March 05
2007
The shame of it!

Tim Worstall's site is a wonderful source of bracing sense. Here, he destroys a silly piece by Tristam Hunt:


At the heart of this immense darkness was the City: from the great finance houses of the Rothschilds and Barings to the scurrying Camberwell clerks caught so precisely in EM Forster's Howards End hero Leonard Bast. Yet like Goldman Sachs and Deutsche Bank today, the Edwardian corporate chieftains had ever less interest in their UK hinterland. The City looked out to the world - to the railways of Peru and the tea plantations of Ceylon. 'London is often more concerned with the course of events in Mexico than with what happens in the Midlands,' noted the Economist, 'and is more upset by a strike on the Canadian Pacific than by one in the Cambrian collieries.'

The result was a massive outflow of capital. Between 1870-1914, the United Kingdom was responsible for 44 per cent of global foreign investment - compared with 19.9 per cent by France. The consequence was that funds which might have gone into British manufacturing went on quick bucks abroad. The needs of industry were forgotten as London's counting houses bought low and sold high like the private equity funds of the day.

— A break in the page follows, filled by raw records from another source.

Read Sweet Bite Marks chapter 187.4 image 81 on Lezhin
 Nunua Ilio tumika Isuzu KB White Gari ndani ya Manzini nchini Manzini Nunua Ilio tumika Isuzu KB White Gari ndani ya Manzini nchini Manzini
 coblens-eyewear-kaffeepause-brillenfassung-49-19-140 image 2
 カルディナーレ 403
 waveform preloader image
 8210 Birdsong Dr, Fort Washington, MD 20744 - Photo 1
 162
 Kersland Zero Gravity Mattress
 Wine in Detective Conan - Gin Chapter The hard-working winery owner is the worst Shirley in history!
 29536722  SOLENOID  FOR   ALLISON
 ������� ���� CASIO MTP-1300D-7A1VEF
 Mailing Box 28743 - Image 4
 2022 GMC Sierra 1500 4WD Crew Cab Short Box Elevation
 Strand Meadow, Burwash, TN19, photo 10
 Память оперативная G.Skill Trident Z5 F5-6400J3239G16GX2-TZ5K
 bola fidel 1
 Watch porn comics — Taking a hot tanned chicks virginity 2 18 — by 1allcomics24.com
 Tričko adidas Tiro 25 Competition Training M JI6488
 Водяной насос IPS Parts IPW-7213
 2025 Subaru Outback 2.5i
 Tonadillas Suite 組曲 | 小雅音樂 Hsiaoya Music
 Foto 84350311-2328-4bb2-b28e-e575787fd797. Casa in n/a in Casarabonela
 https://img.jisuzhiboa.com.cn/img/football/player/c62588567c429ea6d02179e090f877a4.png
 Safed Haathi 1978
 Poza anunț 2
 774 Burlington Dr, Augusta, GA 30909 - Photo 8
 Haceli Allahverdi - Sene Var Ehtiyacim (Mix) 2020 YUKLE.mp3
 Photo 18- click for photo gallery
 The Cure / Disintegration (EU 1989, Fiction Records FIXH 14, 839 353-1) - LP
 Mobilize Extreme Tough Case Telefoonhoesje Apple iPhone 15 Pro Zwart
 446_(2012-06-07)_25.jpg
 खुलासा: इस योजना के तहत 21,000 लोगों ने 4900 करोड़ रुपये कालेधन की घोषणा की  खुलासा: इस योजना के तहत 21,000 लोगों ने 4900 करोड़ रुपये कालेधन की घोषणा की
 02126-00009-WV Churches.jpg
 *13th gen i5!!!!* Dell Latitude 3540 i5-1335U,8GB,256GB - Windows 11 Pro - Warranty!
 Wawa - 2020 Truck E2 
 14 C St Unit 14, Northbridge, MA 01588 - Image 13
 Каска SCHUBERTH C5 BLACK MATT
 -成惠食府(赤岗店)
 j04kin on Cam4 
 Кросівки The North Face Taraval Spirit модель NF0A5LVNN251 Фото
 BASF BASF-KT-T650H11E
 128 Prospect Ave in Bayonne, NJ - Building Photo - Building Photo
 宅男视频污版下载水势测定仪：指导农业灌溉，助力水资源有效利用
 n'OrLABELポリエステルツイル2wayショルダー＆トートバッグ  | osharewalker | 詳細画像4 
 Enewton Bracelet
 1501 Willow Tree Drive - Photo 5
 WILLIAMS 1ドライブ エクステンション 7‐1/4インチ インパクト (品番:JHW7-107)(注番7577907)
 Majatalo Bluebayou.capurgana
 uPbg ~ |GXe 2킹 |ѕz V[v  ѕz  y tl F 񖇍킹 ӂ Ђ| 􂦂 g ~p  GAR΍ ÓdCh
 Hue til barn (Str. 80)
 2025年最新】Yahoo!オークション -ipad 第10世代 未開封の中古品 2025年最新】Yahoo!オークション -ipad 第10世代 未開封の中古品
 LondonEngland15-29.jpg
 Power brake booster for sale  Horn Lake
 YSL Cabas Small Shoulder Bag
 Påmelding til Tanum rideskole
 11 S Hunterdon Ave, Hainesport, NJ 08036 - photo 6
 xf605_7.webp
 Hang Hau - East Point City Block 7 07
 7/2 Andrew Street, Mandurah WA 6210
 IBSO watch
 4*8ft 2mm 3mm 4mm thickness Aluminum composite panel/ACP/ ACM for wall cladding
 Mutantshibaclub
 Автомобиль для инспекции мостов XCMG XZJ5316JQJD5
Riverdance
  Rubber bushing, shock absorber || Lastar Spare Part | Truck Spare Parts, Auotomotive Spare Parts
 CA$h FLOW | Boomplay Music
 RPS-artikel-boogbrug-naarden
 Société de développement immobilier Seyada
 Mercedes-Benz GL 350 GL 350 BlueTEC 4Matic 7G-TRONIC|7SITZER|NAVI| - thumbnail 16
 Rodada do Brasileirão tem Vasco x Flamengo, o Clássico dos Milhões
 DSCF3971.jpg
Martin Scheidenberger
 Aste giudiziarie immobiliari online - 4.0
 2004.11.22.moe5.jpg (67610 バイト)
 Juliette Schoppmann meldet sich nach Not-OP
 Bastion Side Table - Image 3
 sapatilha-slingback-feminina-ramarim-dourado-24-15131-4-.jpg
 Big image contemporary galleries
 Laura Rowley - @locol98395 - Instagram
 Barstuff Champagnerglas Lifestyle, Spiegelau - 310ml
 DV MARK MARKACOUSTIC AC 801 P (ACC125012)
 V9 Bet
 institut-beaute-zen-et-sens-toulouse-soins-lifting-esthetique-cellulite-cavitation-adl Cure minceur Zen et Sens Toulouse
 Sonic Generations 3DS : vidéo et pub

Quite disgusting, tragic even. One of the richest countries on the planet (as Britain was) sending its capital abroad to be invested in mines, railways, water systems, docks, mills and factories, where the poor of the world could find work and better life. I mean, really, who could possibly countenance the idea that the rich might spend their money improving the life of the poor? Ought to be a law against it, obviously.